The records below are to be reproduced exactly, with every picture left out.

■ Information given ■

= = = = =

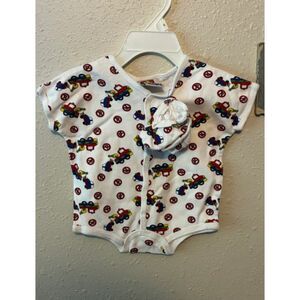 Vintage Peek-A-Babe Baby Bodysuit & Matching mittens 3-6 Months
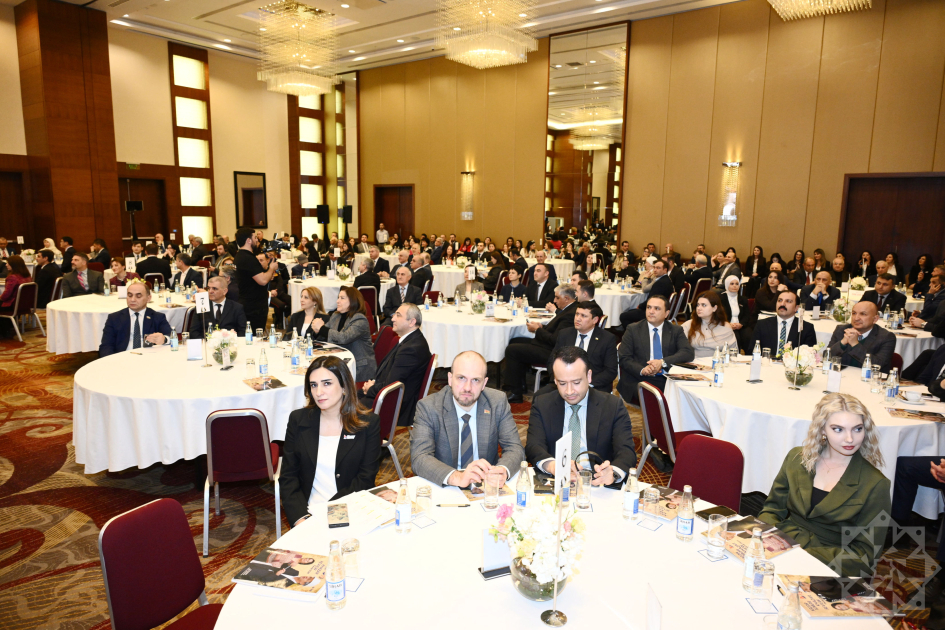 Xəzər Universitetinin 35 illik yubileyi qeyd edilib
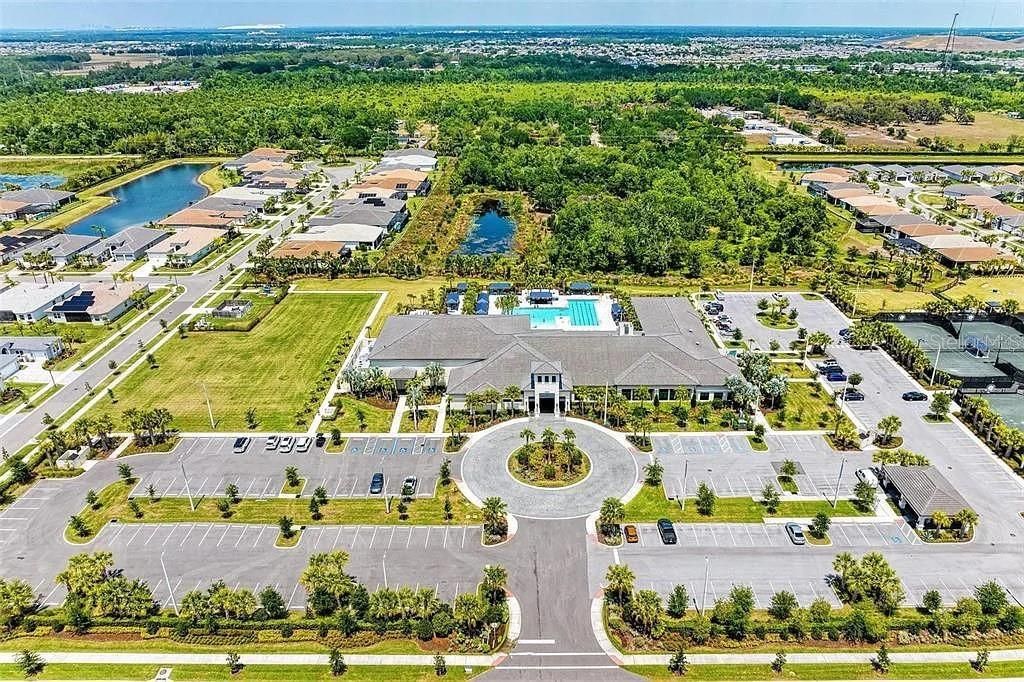 For Rent: $2,450 (2 beds, 2 baths, 1696 Square Feet)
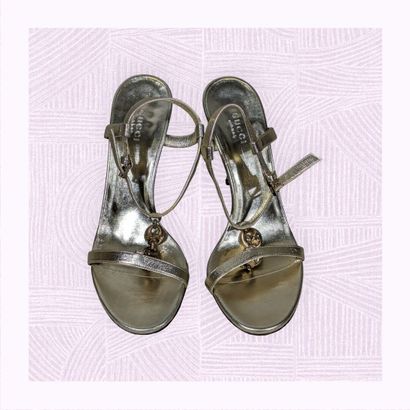GUCCI
Paire d'escarpins sur talon aiguille...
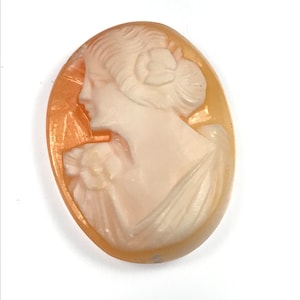 Vintage hand-carved shell Cameo / CA3242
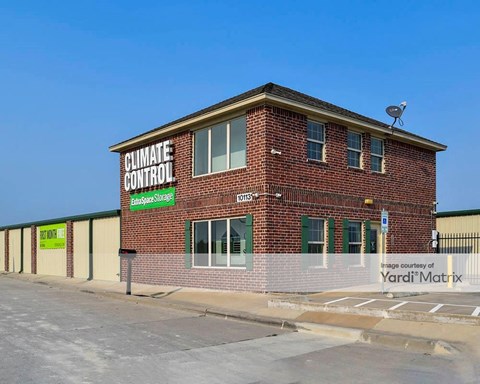 Storage Units for Rent available at 10113 First Chapel Drive, Fort Worth, TX 76108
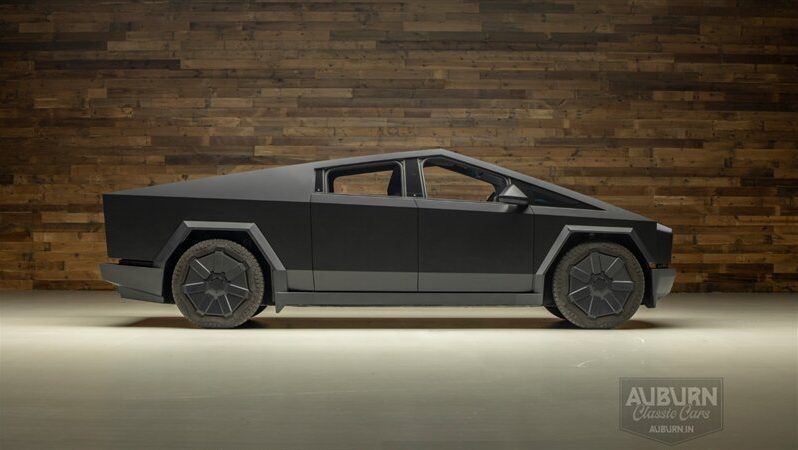 
								2024 Tesla Cybertruck Foundation Series full									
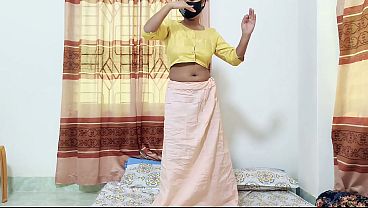 Gadis India Seksi Shakshi Meremas Memeknya Di Ruang Pijat Lalu Digencet Habis Habisan Oleh Kakak Tirinya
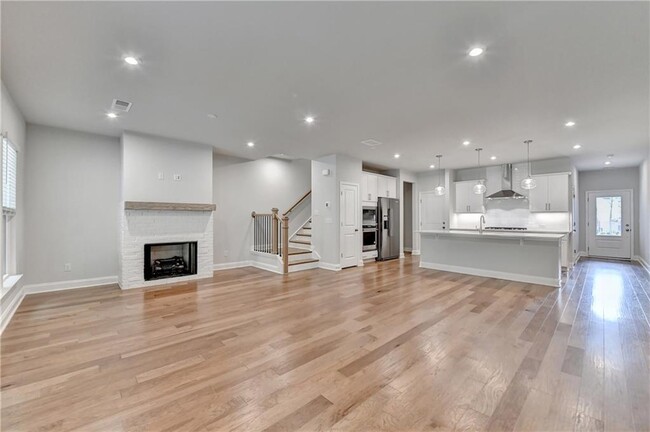Building Photo - 204 Holsten Ln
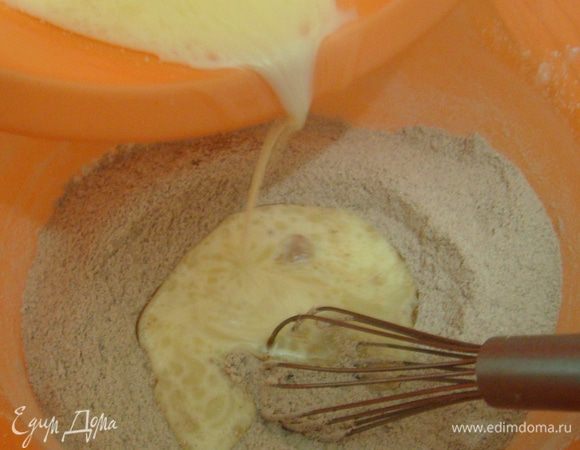 В сухую смесь добавить яично-молочную и венчиком перемешать.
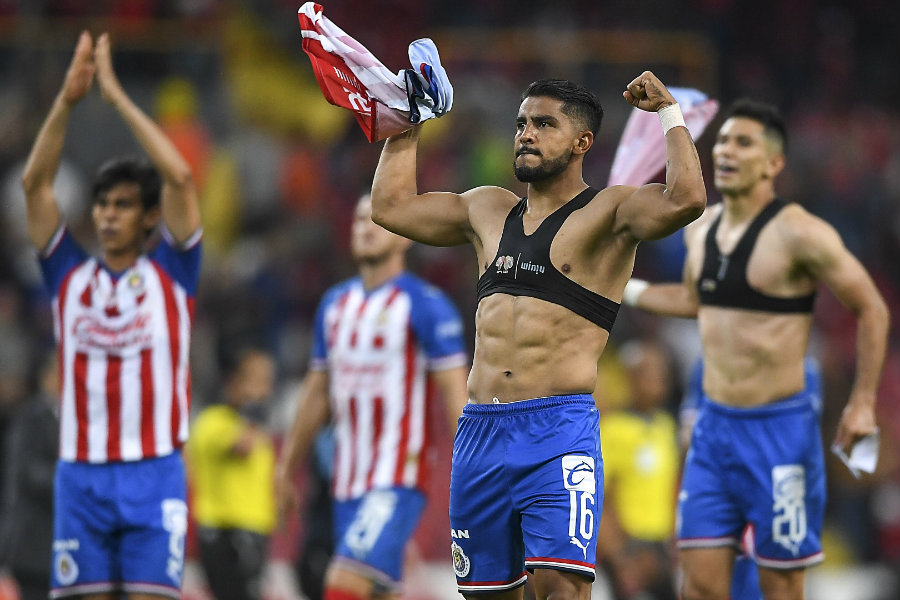 Jugadores de Chivas celebran tras el 'Clásico Tapatío'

= = = = =

■ Reply ■
 Vintage Peek-A-Babe Baby Bodysuit & Matching mittens 3-6 Months
 Xəzər Universitetinin 35 illik yubileyi qeyd edilib
 For Rent: $2,450 (2 beds, 2 baths, 1696 Square Feet)
GUCCI
Paire d'escarpins sur talon aiguille...
 Vintage hand-carved shell Cameo / CA3242
 Storage Units for Rent available at 10113 First Chapel Drive, Fort Worth, TX 76108
								2024 Tesla Cybertruck Foundation Series full									
 Gadis India Seksi Shakshi Meremas Memeknya Di Ruang Pijat Lalu Digencet Habis Habisan Oleh Kakak Tirinya
Building Photo - 204 Holsten Ln
 В сухую смесь добавить яично-молочную и венчиком перемешать.
 Jugadores de Chivas celebran tras el 'Clásico Tapatío'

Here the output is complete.